I had to advance my TPS for my 2010 750


----------



## brute for mud (Jul 15, 2010)

The Efi brute are suppose to adjust the idle themselves. I do believe


----------



## hp488 (Sep 23, 2009)

You can adjust the tps sensor. Do you have any kind of leaks around any of the boots or lines or kinked lines?


----------



## brute34 (Jan 18, 2010)

i got a 2010 750 with a full hmf system and hmf optimizer and with the optimizer on it runs fine but at idle it idles low how do you adjust that i figured u cant since it is all done by the computer


----------



## filthyredneck (Feb 10, 2010)

To adjust the TPS you'll need a T-25 tamper-resistant torx bit (the one with the hole in the center). Locate the TPS....its basically below and behind the gear shifter, loosen the two screws that hold it in place and slowly rotate it, it is slotted where the screws go through it to allow it to be clocked a decent amount in either direction. Turn it too much in either direction and it'll run like poo so pay attention to where its set at in the grooves before you try to adjust it. I can't remember which direction idles it up and which way is down...but I think clockwise idles up, just don't hold me to it. The computer doesn't compensate much at all for fuel mapping, if it did then we wouldn't all be buying programmers for our EFI's lol. Hope this helps somebody.


----------



## Leardriver (Feb 21, 2012)

What are you looking for when you rotate the TPS? Just a smoother idle?
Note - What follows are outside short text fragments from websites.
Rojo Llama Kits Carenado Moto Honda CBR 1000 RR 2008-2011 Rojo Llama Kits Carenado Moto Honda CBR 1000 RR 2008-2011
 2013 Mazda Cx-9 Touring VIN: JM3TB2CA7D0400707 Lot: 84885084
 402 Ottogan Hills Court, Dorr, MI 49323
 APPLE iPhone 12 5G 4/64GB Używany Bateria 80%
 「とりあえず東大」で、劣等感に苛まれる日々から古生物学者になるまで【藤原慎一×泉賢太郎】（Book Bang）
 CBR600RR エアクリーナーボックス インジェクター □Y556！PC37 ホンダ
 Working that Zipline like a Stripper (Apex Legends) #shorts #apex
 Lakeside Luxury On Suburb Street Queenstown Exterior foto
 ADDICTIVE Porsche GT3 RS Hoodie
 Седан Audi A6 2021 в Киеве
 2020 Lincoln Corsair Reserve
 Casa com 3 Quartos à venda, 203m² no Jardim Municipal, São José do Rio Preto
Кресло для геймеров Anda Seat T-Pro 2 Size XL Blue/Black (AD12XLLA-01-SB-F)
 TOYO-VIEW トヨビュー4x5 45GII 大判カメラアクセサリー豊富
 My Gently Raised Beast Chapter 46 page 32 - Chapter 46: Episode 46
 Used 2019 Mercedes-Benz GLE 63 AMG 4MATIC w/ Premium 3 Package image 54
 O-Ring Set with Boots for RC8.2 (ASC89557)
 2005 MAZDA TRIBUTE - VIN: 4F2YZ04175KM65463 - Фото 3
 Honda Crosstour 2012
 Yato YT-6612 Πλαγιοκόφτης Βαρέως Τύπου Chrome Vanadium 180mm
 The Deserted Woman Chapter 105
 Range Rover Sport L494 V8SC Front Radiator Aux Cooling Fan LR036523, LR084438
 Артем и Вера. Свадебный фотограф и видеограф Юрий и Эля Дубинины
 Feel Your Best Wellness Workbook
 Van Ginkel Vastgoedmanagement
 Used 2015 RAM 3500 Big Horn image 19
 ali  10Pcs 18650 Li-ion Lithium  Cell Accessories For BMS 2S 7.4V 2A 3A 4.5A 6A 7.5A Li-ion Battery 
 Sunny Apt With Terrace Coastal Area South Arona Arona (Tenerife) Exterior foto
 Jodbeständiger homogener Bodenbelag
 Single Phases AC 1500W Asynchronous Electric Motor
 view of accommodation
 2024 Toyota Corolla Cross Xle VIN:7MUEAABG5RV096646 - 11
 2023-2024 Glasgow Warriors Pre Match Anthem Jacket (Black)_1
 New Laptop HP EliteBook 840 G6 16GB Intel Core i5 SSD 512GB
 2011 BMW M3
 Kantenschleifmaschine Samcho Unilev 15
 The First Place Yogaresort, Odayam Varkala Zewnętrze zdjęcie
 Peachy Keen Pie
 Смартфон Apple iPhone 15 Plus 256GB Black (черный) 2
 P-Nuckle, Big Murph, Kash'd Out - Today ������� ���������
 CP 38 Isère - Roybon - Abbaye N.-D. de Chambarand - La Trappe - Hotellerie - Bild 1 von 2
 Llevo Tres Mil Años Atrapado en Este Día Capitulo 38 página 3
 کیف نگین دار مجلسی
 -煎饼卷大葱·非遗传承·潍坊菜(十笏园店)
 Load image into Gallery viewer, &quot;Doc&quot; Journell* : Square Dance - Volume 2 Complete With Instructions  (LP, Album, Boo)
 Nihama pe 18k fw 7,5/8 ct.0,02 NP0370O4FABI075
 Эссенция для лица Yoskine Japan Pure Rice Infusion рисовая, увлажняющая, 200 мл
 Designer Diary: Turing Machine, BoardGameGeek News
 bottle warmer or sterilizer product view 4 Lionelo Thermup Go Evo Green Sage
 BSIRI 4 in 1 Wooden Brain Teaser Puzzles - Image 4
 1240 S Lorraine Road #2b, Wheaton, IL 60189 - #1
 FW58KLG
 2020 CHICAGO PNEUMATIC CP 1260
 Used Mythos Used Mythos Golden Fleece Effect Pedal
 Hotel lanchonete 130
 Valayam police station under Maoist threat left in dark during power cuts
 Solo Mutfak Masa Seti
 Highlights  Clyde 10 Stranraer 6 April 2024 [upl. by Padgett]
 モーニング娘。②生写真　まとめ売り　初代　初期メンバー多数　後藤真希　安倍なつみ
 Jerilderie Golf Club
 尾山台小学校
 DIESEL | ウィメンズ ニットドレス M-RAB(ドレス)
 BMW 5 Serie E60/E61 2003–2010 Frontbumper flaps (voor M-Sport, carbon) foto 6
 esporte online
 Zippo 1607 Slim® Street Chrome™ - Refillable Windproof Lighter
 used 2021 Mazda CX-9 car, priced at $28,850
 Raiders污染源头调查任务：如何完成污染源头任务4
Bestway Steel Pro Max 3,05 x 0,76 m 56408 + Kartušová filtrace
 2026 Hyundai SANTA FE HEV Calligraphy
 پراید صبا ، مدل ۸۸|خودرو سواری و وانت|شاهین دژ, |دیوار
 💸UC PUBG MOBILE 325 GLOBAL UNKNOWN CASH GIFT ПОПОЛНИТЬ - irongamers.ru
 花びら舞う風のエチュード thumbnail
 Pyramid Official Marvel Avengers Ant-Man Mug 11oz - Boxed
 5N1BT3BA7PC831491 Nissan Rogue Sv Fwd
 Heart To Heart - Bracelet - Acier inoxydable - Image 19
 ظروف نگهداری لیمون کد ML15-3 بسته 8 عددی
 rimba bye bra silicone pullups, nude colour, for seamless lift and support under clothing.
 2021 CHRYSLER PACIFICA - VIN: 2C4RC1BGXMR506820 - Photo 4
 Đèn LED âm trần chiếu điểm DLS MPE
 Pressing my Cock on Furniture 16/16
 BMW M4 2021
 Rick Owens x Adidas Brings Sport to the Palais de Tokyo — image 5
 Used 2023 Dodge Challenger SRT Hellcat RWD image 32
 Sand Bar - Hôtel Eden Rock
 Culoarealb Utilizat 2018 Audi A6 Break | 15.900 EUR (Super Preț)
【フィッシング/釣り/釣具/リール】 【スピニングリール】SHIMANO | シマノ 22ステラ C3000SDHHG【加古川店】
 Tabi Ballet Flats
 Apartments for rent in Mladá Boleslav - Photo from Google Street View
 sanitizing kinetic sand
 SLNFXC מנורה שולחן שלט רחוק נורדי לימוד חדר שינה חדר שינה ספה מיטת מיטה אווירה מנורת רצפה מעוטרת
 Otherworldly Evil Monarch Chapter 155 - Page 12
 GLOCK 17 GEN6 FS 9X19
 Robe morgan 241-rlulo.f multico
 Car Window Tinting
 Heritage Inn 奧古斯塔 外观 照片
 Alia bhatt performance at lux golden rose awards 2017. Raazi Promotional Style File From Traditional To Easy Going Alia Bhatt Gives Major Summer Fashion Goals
Is there a volt measurement that can be taken?


----------



## Daniel80 (Feb 26, 2012)

I advanced mine forward to far and when I mashed it, it died, so I had to roll it back a lil, and I had to play with my idle air scew


----------



## countryboy61283 (Mar 20, 2010)

Where is the idle air screw


----------



## Daniel80 (Feb 26, 2012)

When you pull the battery box out, look at the base of the intake straight forward and down, there will be a brase looking flat head screw, make sure you screw it all the way in and count the rotations in before you play with it, just incase your problem turns out to be somewhere else.


----------